In questo inizio di stagione per David Neres e il neo acquisto Noa Lang sono state davvero poche le occasioni per mettersi in mostra, complice sopratutto il cambio modulo messo in opera da Antonio Conte, che prevede un centrocampo di spessore senza esterni d’attacco.

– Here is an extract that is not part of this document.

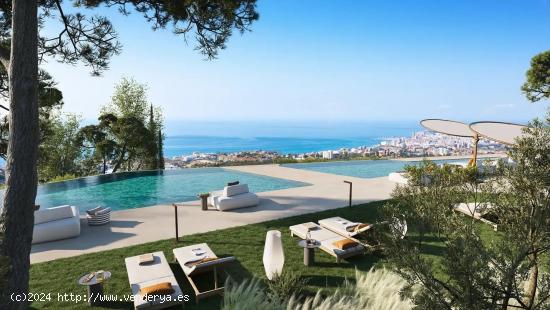 Apartamento planta baja de 2 dormitorios y 2 baños con vistas al mar. El Higuerón, Fuengirola - MA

Ecco cosa racconta sulla questione in casa partenopea nell’edizione odierna La Gazzetta dello Sport:
“Il Napoli finora ha disputato 450 minuti, corrispondenti a quattro partite in Serie A e una in Champions League. Noa Lang ne ha giocati 17 (3,8%), David Neres invece 53 (11,8%). Per il momento, ciò che si evince è che Antonio Conte non ha piani per loro perché ne ha uno piuttosto delineato per la squadra, che ha abbandonato silenziosamente il 4-3-3. L’assetto dello scudetto, quello che gli azzurri sembrano prediligere per eccellenza, è stato accantonato per questa prima parte di stagione. Conte ha scelto di schierare contemporaneamente i quattro centrocampisti migliori: Anguissa, Lobotka, McTominay e De Bruyne. Così facendo, lo scozzese diventa un finto esterno mentre dall’altro lato ci pensa Politano a garantire il giusto equilibrio alla squadra, grazie alle sue doti spiccate in fase di non possesso che lo rendono indispensabile”.